Leaving out the pictures, transcribe all of the records faithfully.

- _Recorded information_

....

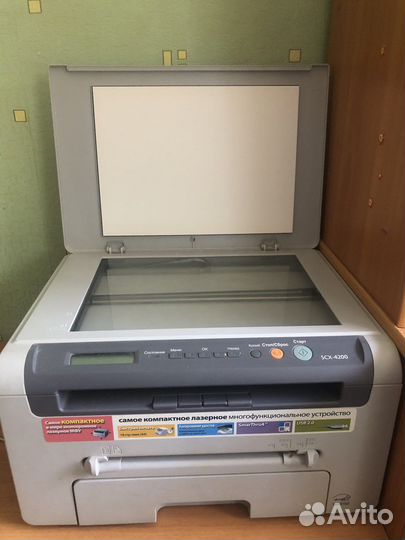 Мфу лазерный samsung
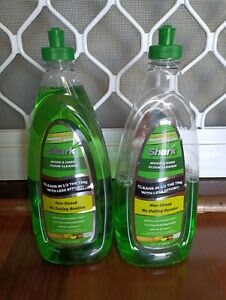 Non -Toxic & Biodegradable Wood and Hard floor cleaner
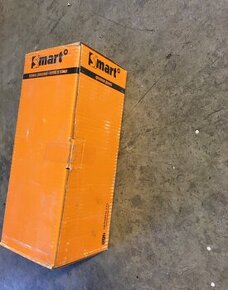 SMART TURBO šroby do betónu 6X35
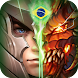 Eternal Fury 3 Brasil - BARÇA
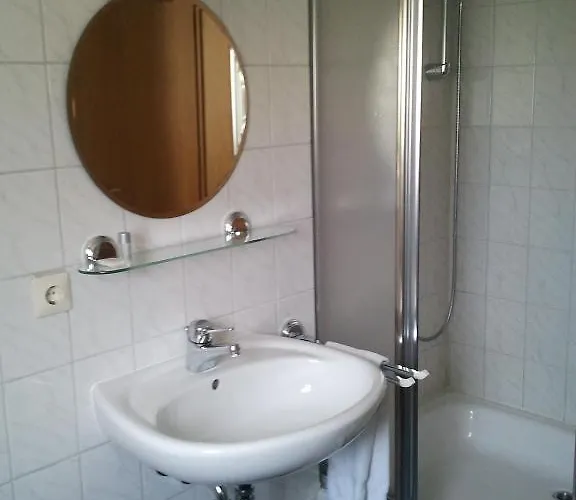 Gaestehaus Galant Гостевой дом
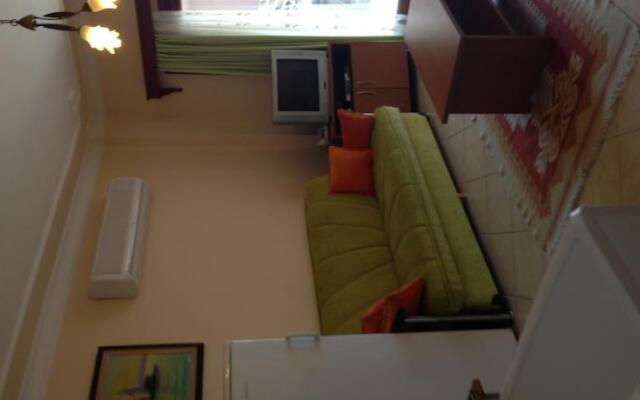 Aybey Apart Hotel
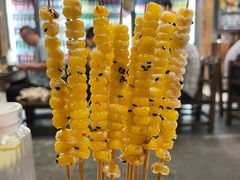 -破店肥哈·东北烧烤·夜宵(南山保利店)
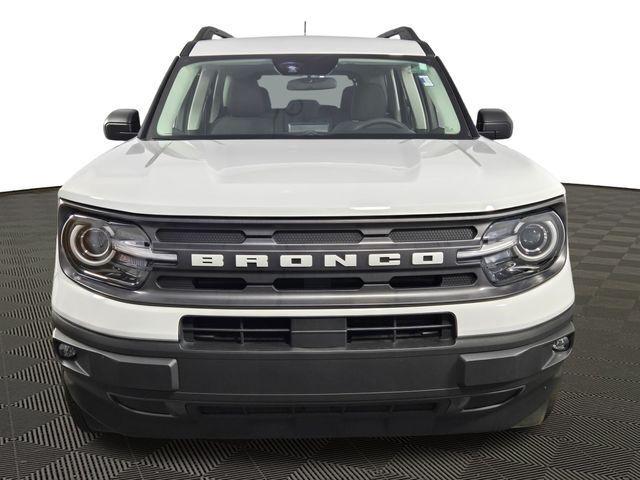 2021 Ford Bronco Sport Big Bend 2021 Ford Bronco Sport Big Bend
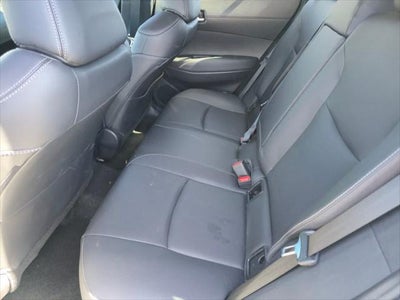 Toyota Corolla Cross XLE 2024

....

- _Solution below_
 Мфу лазерный samsung
 Non -Toxic & Biodegradable Wood and Hard floor cleaner
 SMART TURBO šroby do betónu 6X35
 Eternal Fury 3 Brasil - BARÇA
 Gaestehaus Galant Гостевой дом
 Aybey Apart Hotel
 -破店肥哈·东北烧烤·夜宵(南山保利店)
 2021 Ford Bronco Sport Big Bend 2021 Ford Bronco Sport Big Bend
 Toyota Corolla Cross XLE 2024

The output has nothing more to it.